Connections and Agents

Connecting to other computers sounds like useful thing to do: whether you want to get data from another computer, copy data to another location or just want to send a couple of computations to a cluster, it all involves accessing computers via a network. SSH (secure shell) is the most popular protocol to do so.

This post is a quick introduction into SSH and a couple of tricks when using it. We assume that you are working on a UNIX (Mac or Linux) machine. This post does not cover Windows. SSH on Windows is not that much fun. You will have to use programs like PuTTY and Pageant to achieve a similar result.

TL;DR

  • SSH (secure shell) is a protocol to connect to other machines over the networks
  • SSH keys are a more secure version to connect to clusters and help you to avoid typing your password hundreds of times a day. They consist of two parts: a private and a public part.
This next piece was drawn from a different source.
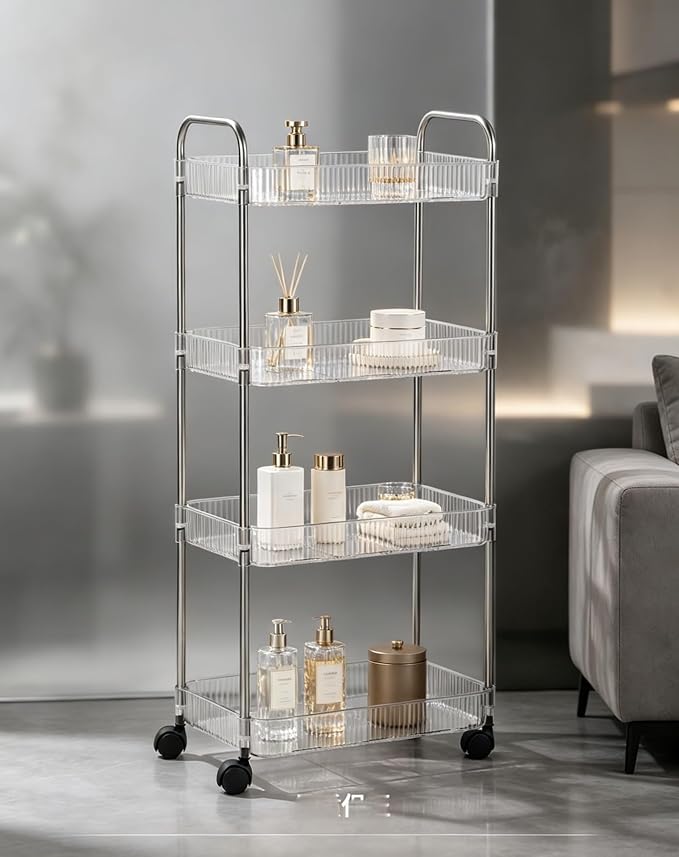Sooyee Clear 4-Tier Plastic Rolling Utility Cart with Wheels | Multi-Functional Storage Trolley, For Office, Living Room, Kitchen, Movable Storage Organizer - Image 7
As the name suggests, the public part goes to the remote machine and lets you connect without typing your password.
  • SSH agents store your decrypted private key in memory and you can connect to remote machines without typing your password (after setting up the SSH keys)

Connecting to a remote machine

Most scientific compute clusters are not directly connected to the internet. They are either available via the local network, or via a dedicated gateway server. The cluster itself is usually divided into login nodes and the compute nodes. The goal of this post is to get you to the login node. The inner workings of the cluster will be covered in another post.

Setup of the cluster

As an example, we are going to consider the xmaris cluster at the physics department of Leiden university. If you want to connect to a cluster, you always connect to the login node. This node manages the connections, runs tests or compiles your code. It is not meant to do any heavy lifting. The computing nodes are doing that. However, usually don’t connect directly to the computing nodes. The workload manager will distribute the payload across the nodes.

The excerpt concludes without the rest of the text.